First then, in my judgment, we must make a distinction and
ask, What is that which always is and has no becoming; and what
is that which is always becoming and never is? That which is
apprehended by intelligence and reason is always in the same
state; but that which is conceived by opinion with the help of
sensation and without reason, is always in a process of becoming
and perishing and never really is. Now everything that becomes or
is created must of necessity be created by some cause, for
without a cause nothing can be created. The work of the creator,
whenever he looks to the unchangeable and fashions the form and
nature of his work after an unchangeable pattern, must
necessarily be made fair and perfect; but when he looks to the
created only, and uses a created pattern, it is not fair or
perfect. Was the heaven then or the world, whether called by this
or by any other more appropriate name-assuming the name, I am
asking a question which has to be asked at the beginning of an
enquiry about anything-was the world, I say, always in existence
and without beginning? or created, and had it a beginning?
Created, I reply, being visible and tangible and having a body,
and therefore sensible; and all sensible things are apprehended
by opinion and sense and are in a process of creation and created.
Now that which is created must, as we affirm, of necessity be
created by a cause. But the father and maker of all this universe
is past finding out; and even if we found him, to tell of him to
all men would be impossible. And there is still a question to be
asked about him: Which of the patterns had the artificer in view
when he made the world-the pattern of the unchangeable, or of
that which is created? If the world be indeed fair and the
artificer good, it is manifest that he must have looked to that
which is eternal; but if what cannot be said without blasphemy is
true, then to the created pattern. Every one will see that he
must have looked to, the eternal; for the world is the fairest of
creations and he is the best of causes. And having been created
in this way, the world has been framed in the likeness of that
which is apprehended by reason and mind and is unchangeable, and
must therefore of necessity, if this is admitted, be a copy of
something. Now it is all-important that the beginning of
everything should be according to nature. And in speaking of the
copy and the original we may assume that words are akin to the
matter which they describe; when they relate to the lasting and
permanent and intelligible, they ought to be lasting and
unalterable, and, as far as their nature allows, irrefutable and
immovable-nothing less. But when they express only the copy or
likeness and not the eternal things themselves, they need only be
likely and analogous to the real words. As being is to becoming,
so is truth to belief. If then, Socrates, amid the many opinions
about the gods and the generation of the universe, we are not
able to give notions which are altogether and in every respect
exact and consistent with one another, do not be surprised.

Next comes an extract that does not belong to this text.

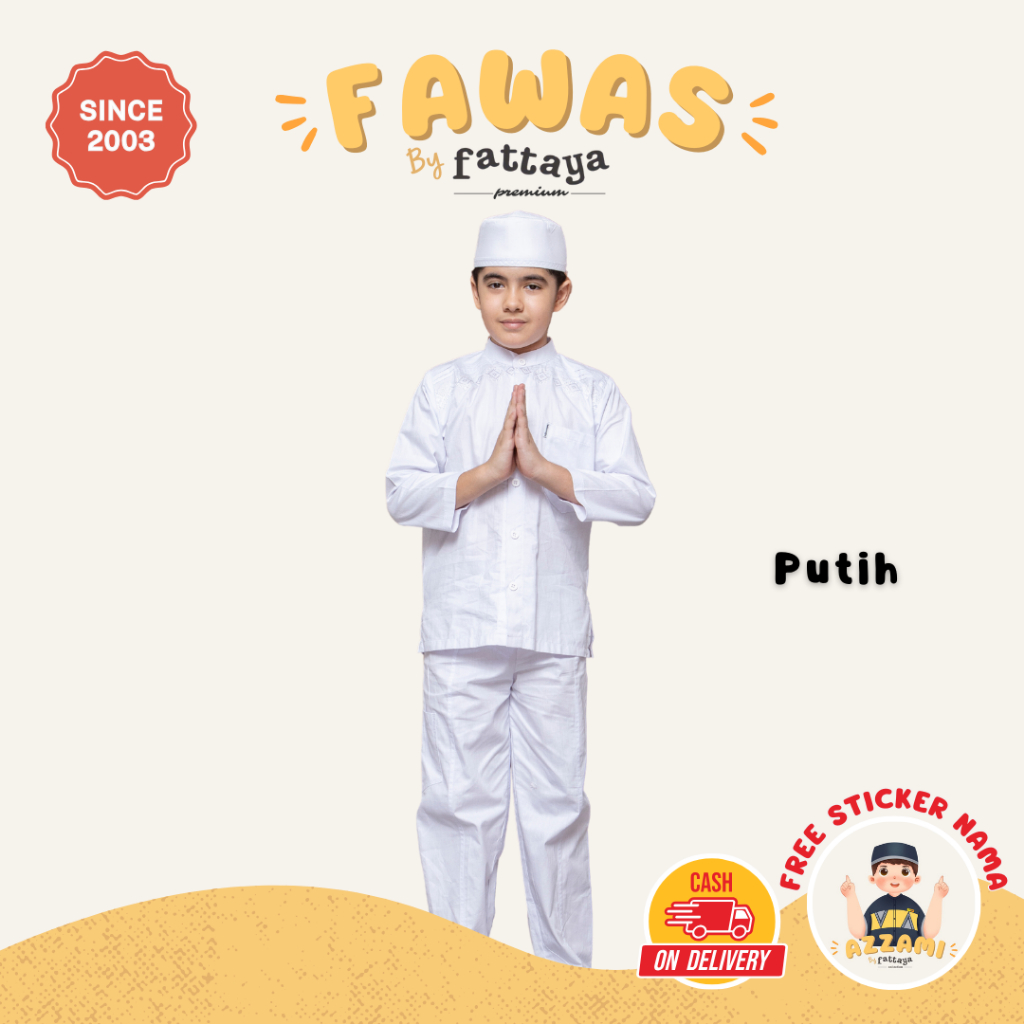 Fattaya Premium Koko Anak Fawas - Baju Muslim Laki-laki Busana Putra Islami untuk Buah Hati Setelan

Enough, if we adduce probabilities as likely as any others; for
we must remember that I who am the speaker, and you who are the
judges, are only mortal men, and we ought to accept the tale
which is probable and enquire no further.
[Soc.] Excellent, Timaeus; and we will do precisely as you bid
us. The prelude is charming, and is already accepted by us-may we
beg of you to proceed to the strain?
[Tim.] Let me tell you then why the creator made this world of
generation. He was good, and the good can never have any jealousy
of anything. And being free from jealousy, he desired that all
things should be as like himself as they could be. This is in the
truest sense the origin of creation and of the world, as we shall
do well in believing on the testimony of wise men: God desired
that all things should be good and nothing bad, so far as this
was attainable. Wherefore also finding the whole visible sphere
not at rest, but moving in an irregular and disorderly fashion,
out of disorder he brought order, considering that this was in
every way better than the other. Now the deeds of the best could
never be or have been other than the fairest; and the creator,
reflecting on the things which are by nature visible, found that
no unintelligent creature taken as a whole was fairer than the
intelligent taken as a whole; and that intelligence could not be
present in anything which was devoid of soul. For which reason,
when he was framing the universe, he put intelligence in soul,
and soul in body, that he might be the creator of a work which
was by nature fairest and best. Wherefore, using the language of
probability, we may say that the world became a living creature
truly endowed with soul and intelligence by the providence of God.